__Your assignment__
Within the entries below, find each line containing the word "background" and copy it.

__Short web captions__
▬▬▬▬▬▬▬▬▬▬

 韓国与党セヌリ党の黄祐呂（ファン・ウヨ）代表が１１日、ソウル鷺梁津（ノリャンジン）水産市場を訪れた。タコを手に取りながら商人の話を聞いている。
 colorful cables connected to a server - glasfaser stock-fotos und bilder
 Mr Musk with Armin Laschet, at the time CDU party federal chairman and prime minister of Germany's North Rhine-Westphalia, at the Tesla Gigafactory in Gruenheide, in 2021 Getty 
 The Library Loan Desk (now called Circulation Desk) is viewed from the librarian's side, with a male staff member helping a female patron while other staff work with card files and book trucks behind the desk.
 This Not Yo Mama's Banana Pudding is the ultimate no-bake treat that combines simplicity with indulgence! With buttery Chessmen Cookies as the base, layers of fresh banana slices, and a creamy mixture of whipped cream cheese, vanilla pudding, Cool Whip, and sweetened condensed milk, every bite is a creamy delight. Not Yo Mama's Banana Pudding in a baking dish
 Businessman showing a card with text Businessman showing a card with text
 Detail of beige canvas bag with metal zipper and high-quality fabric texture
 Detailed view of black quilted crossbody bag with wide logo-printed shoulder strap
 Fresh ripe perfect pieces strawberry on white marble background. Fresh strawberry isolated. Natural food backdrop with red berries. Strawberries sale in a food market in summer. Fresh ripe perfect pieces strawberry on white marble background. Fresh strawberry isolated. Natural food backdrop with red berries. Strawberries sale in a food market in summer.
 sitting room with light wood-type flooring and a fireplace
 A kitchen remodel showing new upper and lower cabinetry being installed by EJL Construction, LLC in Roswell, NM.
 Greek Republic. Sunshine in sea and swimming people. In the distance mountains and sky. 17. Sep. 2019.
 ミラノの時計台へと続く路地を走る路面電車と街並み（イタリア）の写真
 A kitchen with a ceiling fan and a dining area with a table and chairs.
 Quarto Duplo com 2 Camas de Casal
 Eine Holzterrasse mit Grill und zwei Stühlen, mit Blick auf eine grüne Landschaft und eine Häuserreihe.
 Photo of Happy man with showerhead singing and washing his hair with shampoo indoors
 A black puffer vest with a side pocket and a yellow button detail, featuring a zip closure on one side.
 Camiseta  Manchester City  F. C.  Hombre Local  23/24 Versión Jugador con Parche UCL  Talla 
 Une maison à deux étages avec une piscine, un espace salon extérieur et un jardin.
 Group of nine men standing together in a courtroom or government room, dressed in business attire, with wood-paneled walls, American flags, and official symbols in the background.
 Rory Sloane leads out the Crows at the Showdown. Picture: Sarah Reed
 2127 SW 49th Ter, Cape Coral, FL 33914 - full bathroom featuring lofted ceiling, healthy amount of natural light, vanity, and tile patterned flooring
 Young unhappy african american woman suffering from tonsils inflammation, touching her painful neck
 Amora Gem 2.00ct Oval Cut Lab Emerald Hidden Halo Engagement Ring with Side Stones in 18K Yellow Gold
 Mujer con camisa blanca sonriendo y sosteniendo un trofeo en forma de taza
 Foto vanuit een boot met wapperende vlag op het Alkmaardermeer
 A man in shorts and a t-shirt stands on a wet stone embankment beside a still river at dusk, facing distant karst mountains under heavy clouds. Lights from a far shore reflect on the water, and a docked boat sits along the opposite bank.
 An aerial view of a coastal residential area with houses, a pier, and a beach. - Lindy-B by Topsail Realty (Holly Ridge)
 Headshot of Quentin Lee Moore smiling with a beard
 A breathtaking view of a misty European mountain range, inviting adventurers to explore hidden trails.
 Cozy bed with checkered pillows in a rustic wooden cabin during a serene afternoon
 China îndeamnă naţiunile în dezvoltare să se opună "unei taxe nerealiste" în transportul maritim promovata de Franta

▬▬▬▬▬▬▬▬▬▬

__Written answer__
 Fresh ripe perfect pieces strawberry on white marble background. Fresh strawberry isolated. Natural food backdrop with red berries. Strawberries sale in a food market in summer. Fresh ripe perfect pieces strawberry on white marble background. Fresh strawberry isolated. Natural food backdrop with red berries. Strawberries sale in a food market in summer.
 Group of nine men standing together in a courtroom or government room, dressed in business attire, with wood-paneled walls, American flags, and official symbols in the background.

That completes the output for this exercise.